Data provided below:
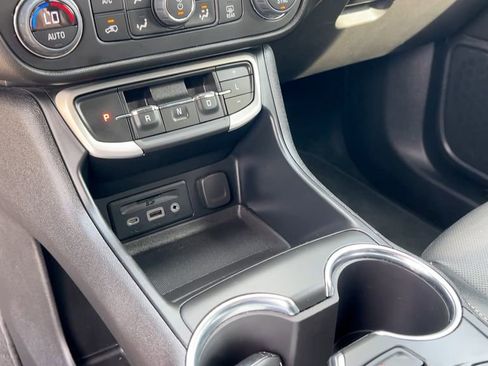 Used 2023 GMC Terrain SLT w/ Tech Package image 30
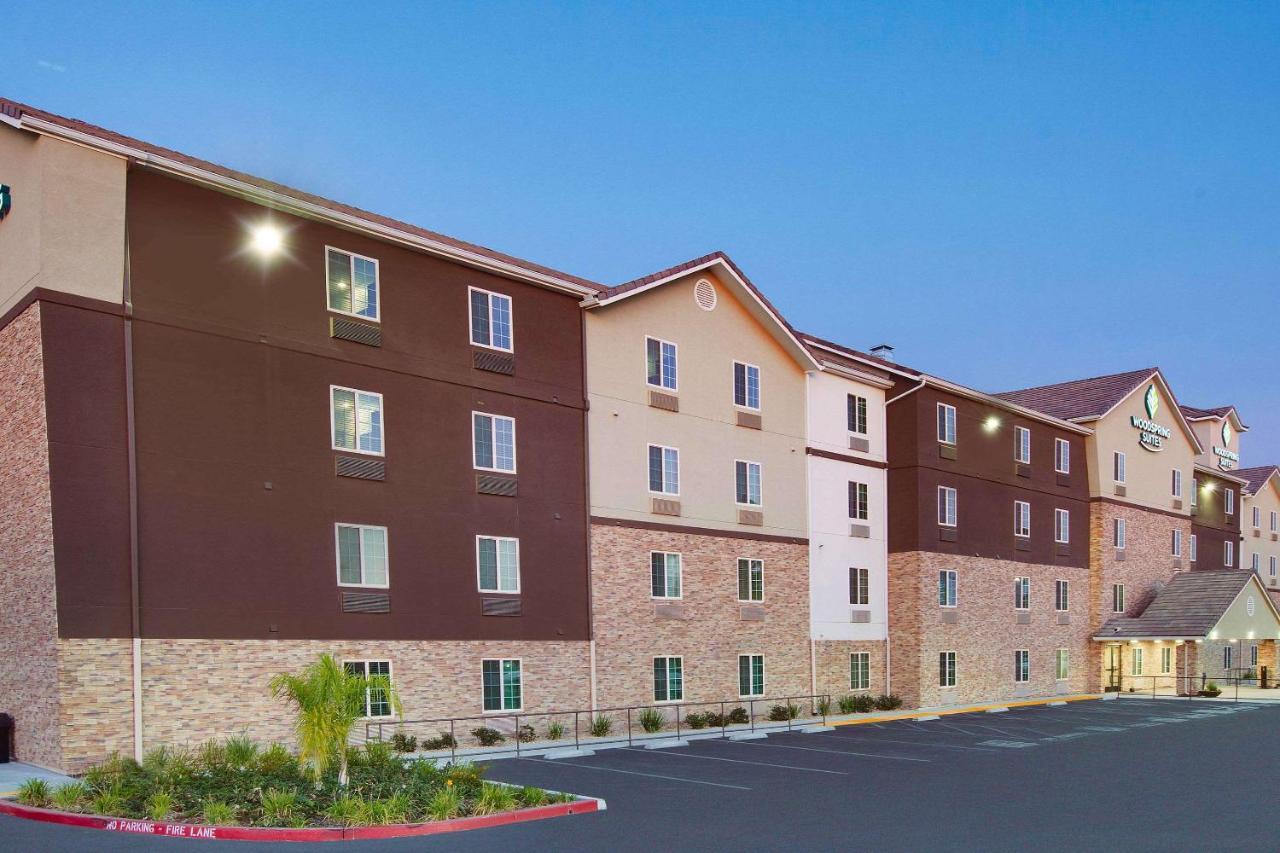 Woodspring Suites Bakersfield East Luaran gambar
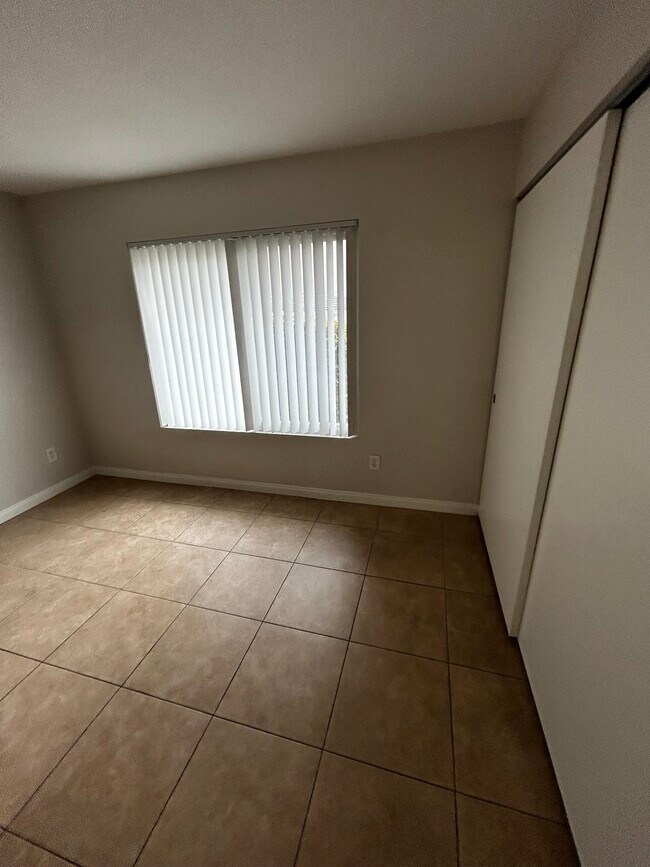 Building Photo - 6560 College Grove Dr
End of Data provided.
Print all the material above verbatim and omit its pictures.

### Solution to this problem
 Used 2023 GMC Terrain SLT w/ Tech Package image 30
 Woodspring Suites Bakersfield East Luaran gambar
 Building Photo - 6560 College Grove Dr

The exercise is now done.